Tentu saja saya merasa jenuh ketika harus berhati-hati melangkah di atas jalanan  pasar yang becek. Ditambah ketika harus melintasi tumpukan sampah yang busuk dan lalat-lalat yang menyebalkan, dan juga ketika saya harus menghirup asap knalpot bajaj, ketika keringat membuat pakaian rapi saya lusuh. Dan ketika mencium bau selokan meski sudah terlewat i10 meter jauhnya, melewati pemukiman yang rapat dengan aroma rumah tangga yang aneh, dan ketika presensi jam masuk kantor saya selalu merah. Ya saya jenuh.

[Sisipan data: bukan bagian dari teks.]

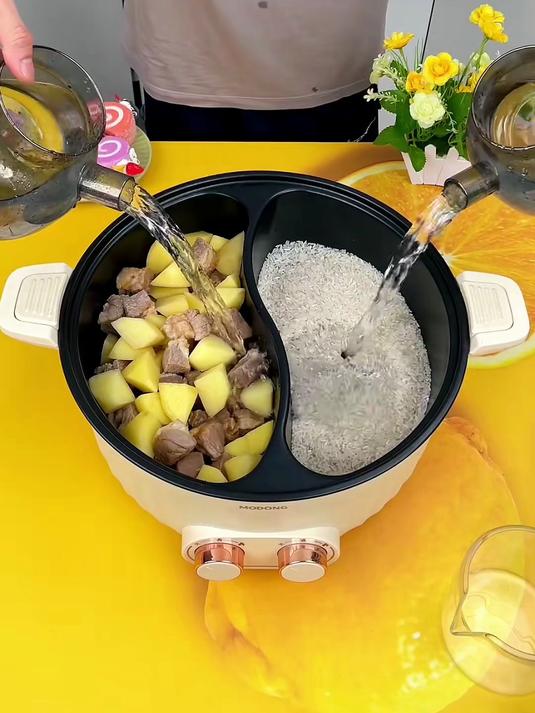 自从有了这个多功能电煮锅,做饭方便多了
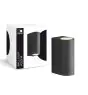 D'Lite Wall Light Vossem Black Up & Down| IP54 - Suitable For 2x GU10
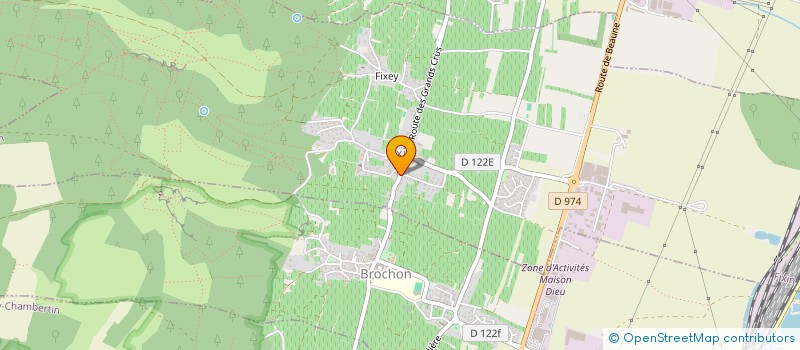 localisation de l'entreprise EARL ODOUL-COQUARD à MOREY-SAINT-DENIS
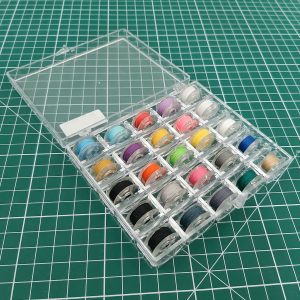 SET SPOOL / BOBBIN TRANSPARAN + BENANG (MESIN JAHIT PORTABLE)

Lalu saya mencoba memetik sesuatu dari rutinitas itu, sebagaimana Ali bin Abi Thalib berkata, "Jikalau hikmah itu ada di dalam gunung, niscaya akan aku goncangkan gunung itu!". Baiklah, harus ada yang bisa diambil dari rutinitas tersebut.

Melewati Pasar, saya merasa sangat beruntung untuk tidak bekerja sejak dini hari dengan berkarung-karung sayuran, daging ayam, tempe, ikan asin, buah belimbing, kasur palembang, belepotan minyak goreng, kompor semawar (sejenis kompor minyak yang nyalanya sangat berisik), barisan bajaj dan lainnya.

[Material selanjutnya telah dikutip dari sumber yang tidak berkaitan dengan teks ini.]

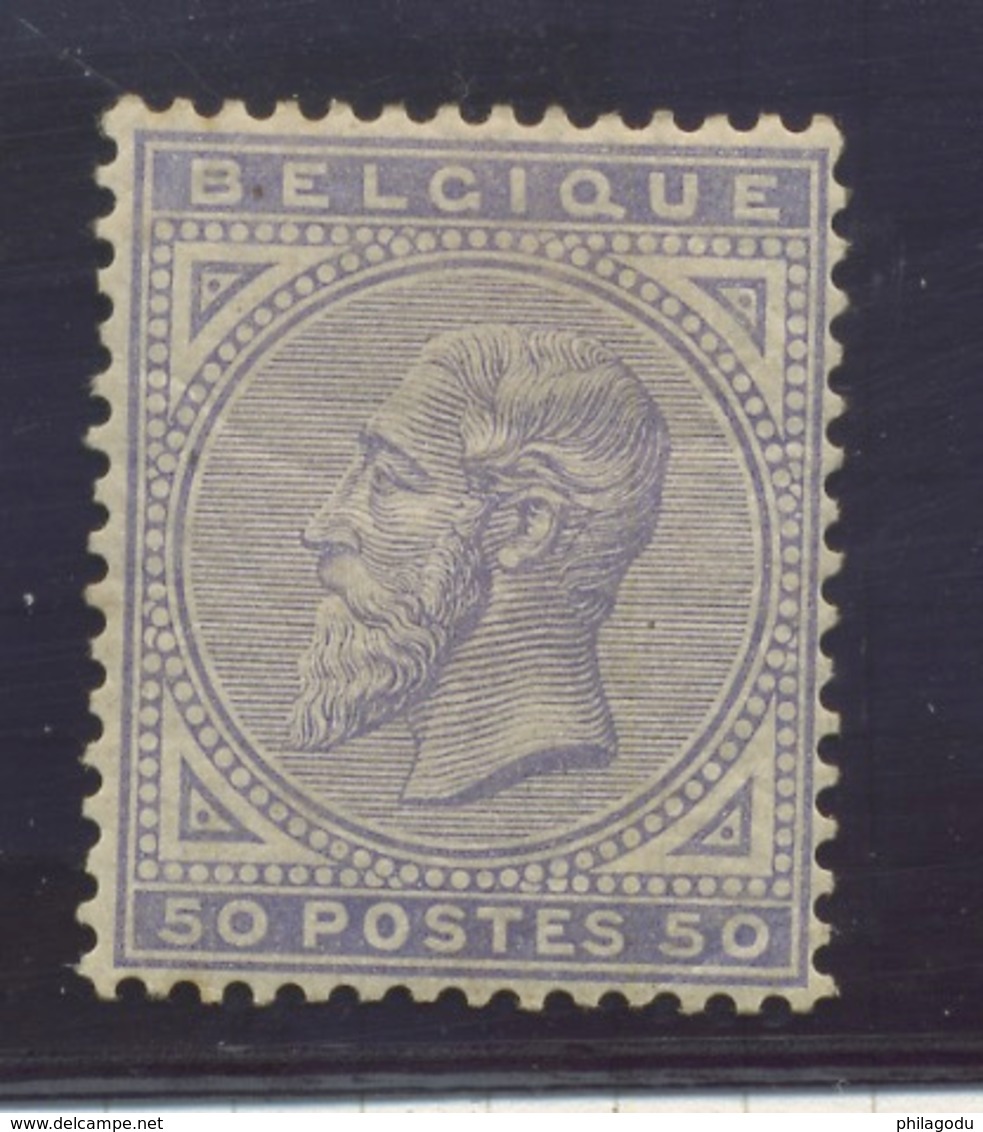 41*  40c *   Gomme Originale. Cote 440,-Euros. Bonne Qualité, Sans Défaut - 1883 Leopold II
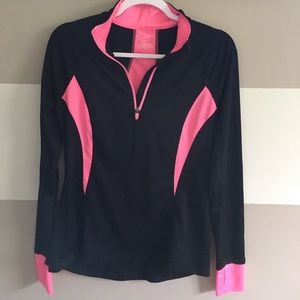Black & Pink Running Jacket w/ Thumb Holes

Alhamdulillah, saya masuk kantor pukul 08.30 pagi, pun masih sering terlambat, dan masih sempat sarapan dengan baik. Saya beruntung bekerja di ruangan berpendingin udara, di hadapan komputer dan fasilitas menyenangkan lainnya, itupun masih sering mencuri-curi waktu untuk menuliskan hal ini.

Melewati pemukiman rapat, saya merasa sangat beruntung untuk dapat tinggal di sebuah rumah yang bersih, berlantai ubin, dengan sanitasi dan ventilasi yang baik, jauh dari selokan yang beraroma tak sedap, tidur di atas kasur berpegas ditemani seorang Bidadari cantik dan Seorang Bayi tampan.

Melewati sebuah kios rokok, yang sarat dengan orang-orang pasar yang berdesakan menyaksikan berita pagi di sebuah televisi di dalam kios tersebut, saya merasa beruntung punya sebuah televisi 21 inc yang bisa kami nikmati sepuas-puasnya tanpa harus berdiri dengan kaki dikerubungi lalat, pun tv tersebut saya beli second.

Melewati sebuah pos ronda dengan seorang perempuan paruhbaya kumal, rambut gimbal, kulit coklat, dan sedikit seram dan bertelanjang dada meringkuk kedinginan, tapi dia tertawa cekikikan ketika saya melintas. Saya merasa sangat beruntung masih dianugerahi pikiran yang sehat wal'afiat dengan tubuh yang juga bugar dan mendapatkan asupan gizi yang cukup, pun saya masih sering tertawa terbahak-bahak untuk hal yang tidak penting.

Sampai di Jalan Raya Radio Dalam, dan menyaksikan seorang pengendara motor yang bersimbah darah karena tertabrak oleh sebuah mobil box milik sebuah swalayan yang buka 24 jam, saya merasa sangat beruntung masih diberikan keselamatan meski harus berjalan melintasi semua ngilu di sepanjang jalan. Alhamdulillah masih ada dhuha tersisa. Lalu, saya akan kembali mencari cermin dan memantulkannya ke dalam hati, pada 1000 langkah petang nanti.